■ What you need to do: Could you return each line from the one bearing "3-Panel Folding Dog" through the last line of the entries, exactly as it stands, with no pictures?

── Information given

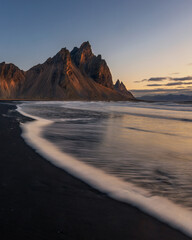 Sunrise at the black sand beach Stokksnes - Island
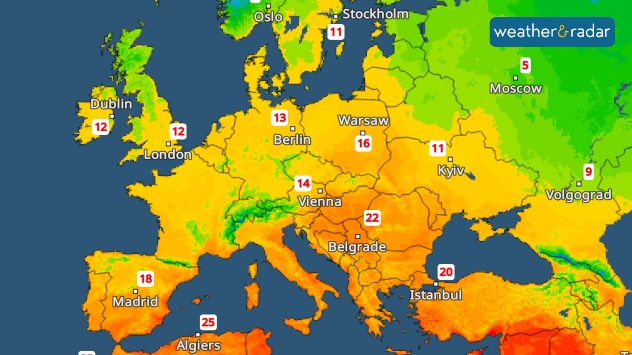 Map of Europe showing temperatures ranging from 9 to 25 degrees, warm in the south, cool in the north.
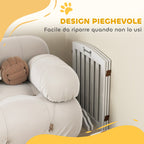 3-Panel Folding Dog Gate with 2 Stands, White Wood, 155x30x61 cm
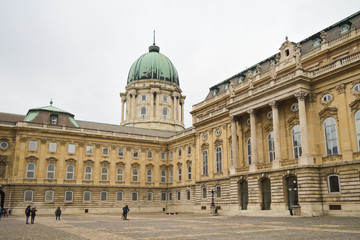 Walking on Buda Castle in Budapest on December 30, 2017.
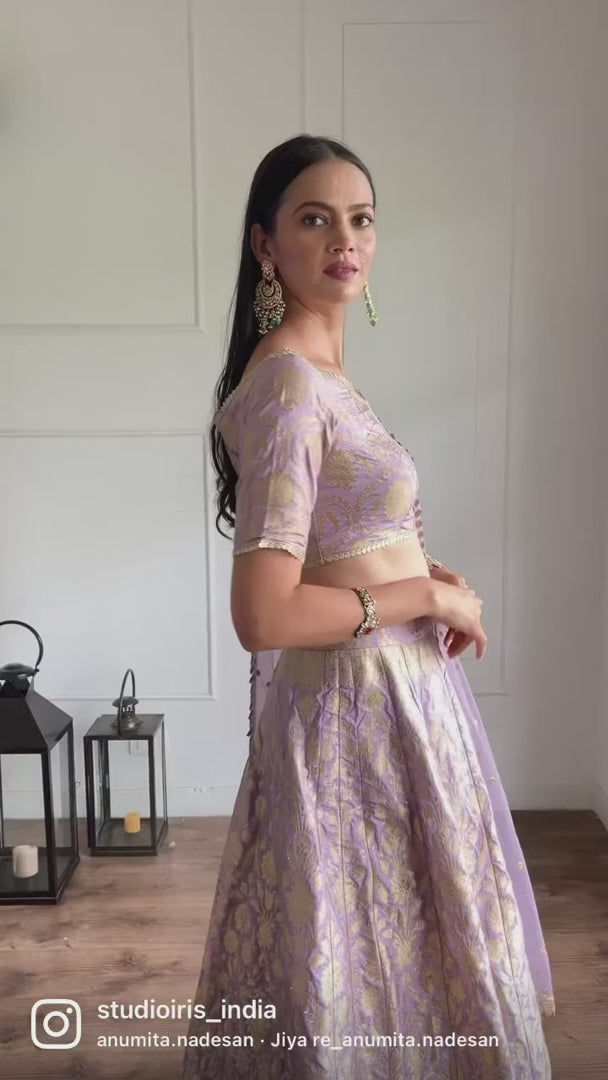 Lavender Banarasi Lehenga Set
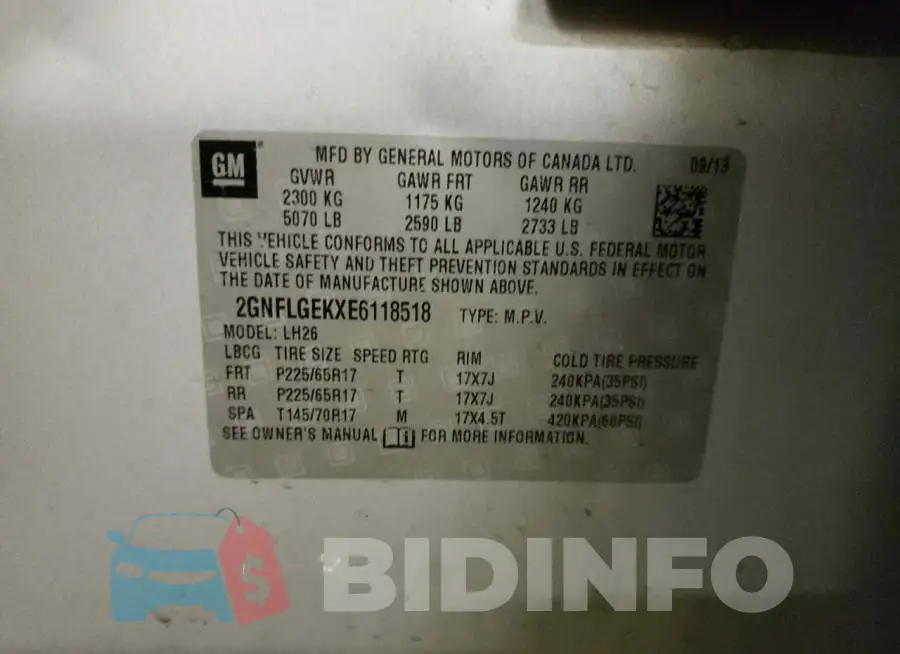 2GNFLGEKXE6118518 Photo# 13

────

■ Written reply:
 3-Panel Folding Dog Gate with 2 Stands, White Wood, 155x30x61 cm
 Walking on Buda Castle in Budapest on December 30, 2017.
 Lavender Banarasi Lehenga Set
 2GNFLGEKXE6118518 Photo# 13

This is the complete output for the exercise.